◆ Work order ◆
Every line holding "Beach" should be copied from the records below.

Web page caption snippets:
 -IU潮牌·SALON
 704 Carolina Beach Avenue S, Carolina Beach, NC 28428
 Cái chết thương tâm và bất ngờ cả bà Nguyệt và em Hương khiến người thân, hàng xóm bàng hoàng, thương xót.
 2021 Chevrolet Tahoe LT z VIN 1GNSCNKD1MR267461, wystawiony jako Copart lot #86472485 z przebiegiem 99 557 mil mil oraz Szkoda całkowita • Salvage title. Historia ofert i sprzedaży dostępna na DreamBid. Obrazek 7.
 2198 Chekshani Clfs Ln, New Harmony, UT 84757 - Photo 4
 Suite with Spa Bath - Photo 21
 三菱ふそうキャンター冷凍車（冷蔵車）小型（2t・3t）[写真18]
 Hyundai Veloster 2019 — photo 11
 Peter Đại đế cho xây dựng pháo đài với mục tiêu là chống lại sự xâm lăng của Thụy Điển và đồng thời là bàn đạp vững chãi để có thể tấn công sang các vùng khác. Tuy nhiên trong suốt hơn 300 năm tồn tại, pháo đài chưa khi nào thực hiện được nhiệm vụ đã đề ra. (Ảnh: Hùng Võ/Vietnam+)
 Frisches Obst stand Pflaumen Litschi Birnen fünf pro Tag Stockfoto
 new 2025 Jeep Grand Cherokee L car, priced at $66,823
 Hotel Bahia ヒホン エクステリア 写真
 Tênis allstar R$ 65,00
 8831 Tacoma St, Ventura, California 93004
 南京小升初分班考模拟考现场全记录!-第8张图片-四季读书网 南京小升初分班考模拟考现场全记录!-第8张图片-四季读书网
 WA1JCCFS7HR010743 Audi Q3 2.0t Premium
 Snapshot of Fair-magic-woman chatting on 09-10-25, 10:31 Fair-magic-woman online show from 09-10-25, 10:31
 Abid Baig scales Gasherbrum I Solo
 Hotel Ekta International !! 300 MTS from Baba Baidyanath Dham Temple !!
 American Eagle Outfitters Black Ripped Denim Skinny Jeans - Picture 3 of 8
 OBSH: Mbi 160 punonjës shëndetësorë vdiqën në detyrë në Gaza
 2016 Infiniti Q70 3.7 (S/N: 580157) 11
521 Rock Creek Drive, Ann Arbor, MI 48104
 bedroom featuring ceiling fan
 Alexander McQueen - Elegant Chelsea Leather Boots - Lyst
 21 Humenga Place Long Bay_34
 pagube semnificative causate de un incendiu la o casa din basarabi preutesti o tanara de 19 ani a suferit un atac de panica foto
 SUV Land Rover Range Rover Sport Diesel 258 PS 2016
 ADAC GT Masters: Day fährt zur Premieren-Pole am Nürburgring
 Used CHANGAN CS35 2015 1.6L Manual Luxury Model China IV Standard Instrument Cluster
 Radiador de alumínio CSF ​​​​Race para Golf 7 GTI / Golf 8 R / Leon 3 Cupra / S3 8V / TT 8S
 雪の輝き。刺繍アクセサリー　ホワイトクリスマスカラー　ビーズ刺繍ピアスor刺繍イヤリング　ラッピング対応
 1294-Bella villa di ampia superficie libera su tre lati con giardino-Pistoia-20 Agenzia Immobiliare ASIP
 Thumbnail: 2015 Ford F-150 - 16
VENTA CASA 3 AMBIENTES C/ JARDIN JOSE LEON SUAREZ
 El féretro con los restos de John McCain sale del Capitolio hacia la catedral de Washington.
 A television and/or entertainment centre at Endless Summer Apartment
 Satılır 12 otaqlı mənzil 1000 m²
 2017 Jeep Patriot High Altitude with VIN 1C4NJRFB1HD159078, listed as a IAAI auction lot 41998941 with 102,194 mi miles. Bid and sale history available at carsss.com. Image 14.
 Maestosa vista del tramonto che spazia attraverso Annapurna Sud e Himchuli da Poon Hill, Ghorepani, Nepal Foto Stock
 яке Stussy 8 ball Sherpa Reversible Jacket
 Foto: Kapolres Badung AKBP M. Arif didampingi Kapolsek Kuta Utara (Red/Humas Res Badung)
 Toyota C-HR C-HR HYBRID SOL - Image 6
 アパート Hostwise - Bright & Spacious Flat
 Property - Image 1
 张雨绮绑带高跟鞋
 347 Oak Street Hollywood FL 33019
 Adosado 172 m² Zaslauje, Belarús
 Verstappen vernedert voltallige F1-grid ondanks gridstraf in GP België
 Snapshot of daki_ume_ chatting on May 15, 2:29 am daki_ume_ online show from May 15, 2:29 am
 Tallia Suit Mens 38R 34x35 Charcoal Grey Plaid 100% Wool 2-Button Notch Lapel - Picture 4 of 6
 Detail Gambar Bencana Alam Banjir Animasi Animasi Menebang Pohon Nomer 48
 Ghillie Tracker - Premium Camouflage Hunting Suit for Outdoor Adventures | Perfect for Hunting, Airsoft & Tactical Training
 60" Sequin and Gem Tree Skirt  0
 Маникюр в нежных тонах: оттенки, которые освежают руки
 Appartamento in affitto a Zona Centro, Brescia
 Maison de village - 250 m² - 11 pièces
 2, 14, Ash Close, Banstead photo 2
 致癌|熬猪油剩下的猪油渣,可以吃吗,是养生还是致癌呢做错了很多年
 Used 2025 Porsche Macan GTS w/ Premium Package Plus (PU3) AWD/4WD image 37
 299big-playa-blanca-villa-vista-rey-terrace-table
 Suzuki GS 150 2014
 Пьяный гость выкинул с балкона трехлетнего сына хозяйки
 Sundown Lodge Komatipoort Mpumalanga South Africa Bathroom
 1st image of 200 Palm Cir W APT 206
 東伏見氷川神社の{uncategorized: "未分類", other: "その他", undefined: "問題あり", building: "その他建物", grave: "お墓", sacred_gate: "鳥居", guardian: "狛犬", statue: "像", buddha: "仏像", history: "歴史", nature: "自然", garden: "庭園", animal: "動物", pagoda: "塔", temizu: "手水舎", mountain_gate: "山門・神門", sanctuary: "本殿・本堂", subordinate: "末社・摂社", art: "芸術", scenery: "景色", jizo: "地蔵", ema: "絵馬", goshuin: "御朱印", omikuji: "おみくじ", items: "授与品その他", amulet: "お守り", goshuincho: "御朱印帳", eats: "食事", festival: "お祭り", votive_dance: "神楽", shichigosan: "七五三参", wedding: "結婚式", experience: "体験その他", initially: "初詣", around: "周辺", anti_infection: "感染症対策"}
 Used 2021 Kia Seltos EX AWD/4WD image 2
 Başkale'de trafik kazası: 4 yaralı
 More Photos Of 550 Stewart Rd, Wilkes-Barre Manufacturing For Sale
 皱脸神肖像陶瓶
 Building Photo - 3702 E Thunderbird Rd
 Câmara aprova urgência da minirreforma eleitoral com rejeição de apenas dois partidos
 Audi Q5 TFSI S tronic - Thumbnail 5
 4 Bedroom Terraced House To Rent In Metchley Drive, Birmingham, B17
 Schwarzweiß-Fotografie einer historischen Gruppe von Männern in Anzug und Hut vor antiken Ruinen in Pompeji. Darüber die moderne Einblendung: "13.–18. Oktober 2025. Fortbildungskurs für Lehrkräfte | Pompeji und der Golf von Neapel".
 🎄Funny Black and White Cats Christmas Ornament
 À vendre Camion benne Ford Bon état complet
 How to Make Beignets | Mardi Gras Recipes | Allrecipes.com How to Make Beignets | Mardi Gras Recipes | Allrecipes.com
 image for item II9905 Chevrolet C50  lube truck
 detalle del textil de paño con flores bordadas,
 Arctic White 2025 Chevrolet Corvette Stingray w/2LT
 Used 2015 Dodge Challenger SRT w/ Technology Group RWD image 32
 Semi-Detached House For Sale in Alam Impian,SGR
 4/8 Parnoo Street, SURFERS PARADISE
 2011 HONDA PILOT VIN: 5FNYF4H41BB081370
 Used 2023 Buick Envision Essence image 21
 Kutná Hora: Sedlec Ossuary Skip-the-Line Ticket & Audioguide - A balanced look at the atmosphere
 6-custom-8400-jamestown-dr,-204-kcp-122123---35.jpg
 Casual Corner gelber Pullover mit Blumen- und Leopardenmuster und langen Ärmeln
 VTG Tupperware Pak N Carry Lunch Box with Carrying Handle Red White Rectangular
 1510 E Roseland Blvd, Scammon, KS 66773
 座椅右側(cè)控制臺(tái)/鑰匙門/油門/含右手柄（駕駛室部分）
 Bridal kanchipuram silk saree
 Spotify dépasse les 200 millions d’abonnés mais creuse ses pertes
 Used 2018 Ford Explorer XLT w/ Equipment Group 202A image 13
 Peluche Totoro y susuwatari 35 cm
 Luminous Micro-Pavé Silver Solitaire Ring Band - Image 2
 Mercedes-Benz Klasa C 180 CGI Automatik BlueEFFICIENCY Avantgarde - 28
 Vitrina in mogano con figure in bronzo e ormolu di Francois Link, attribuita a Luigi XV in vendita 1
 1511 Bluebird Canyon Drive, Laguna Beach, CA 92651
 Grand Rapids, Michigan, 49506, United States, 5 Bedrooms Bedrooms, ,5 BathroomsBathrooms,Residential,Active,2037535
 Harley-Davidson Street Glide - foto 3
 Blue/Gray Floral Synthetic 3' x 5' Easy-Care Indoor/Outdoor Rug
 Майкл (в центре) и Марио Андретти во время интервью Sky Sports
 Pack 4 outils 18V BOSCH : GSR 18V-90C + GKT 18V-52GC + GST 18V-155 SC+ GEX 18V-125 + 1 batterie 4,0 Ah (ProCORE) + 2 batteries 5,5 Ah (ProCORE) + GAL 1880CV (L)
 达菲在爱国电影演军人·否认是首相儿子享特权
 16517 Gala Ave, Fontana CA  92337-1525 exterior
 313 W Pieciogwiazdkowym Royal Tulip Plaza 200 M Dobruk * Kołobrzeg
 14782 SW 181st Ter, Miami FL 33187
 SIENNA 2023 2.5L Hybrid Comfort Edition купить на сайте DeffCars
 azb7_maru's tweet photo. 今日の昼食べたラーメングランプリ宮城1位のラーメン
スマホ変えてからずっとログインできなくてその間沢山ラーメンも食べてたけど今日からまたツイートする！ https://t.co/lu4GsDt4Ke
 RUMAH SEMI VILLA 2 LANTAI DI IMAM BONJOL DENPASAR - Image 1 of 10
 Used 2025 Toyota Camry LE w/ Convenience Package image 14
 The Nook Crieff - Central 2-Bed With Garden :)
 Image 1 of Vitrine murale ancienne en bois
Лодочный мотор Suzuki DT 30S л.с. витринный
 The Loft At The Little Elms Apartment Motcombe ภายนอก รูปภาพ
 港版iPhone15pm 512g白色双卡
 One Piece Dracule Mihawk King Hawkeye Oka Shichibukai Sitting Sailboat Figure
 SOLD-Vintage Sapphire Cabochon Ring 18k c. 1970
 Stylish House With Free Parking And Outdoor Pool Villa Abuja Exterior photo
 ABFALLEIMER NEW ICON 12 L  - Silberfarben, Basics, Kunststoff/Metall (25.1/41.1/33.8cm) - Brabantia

◆ Reply ◆
 704 Carolina Beach Avenue S, Carolina Beach, NC 28428
 1511 Bluebird Canyon Drive, Laguna Beach, CA 92651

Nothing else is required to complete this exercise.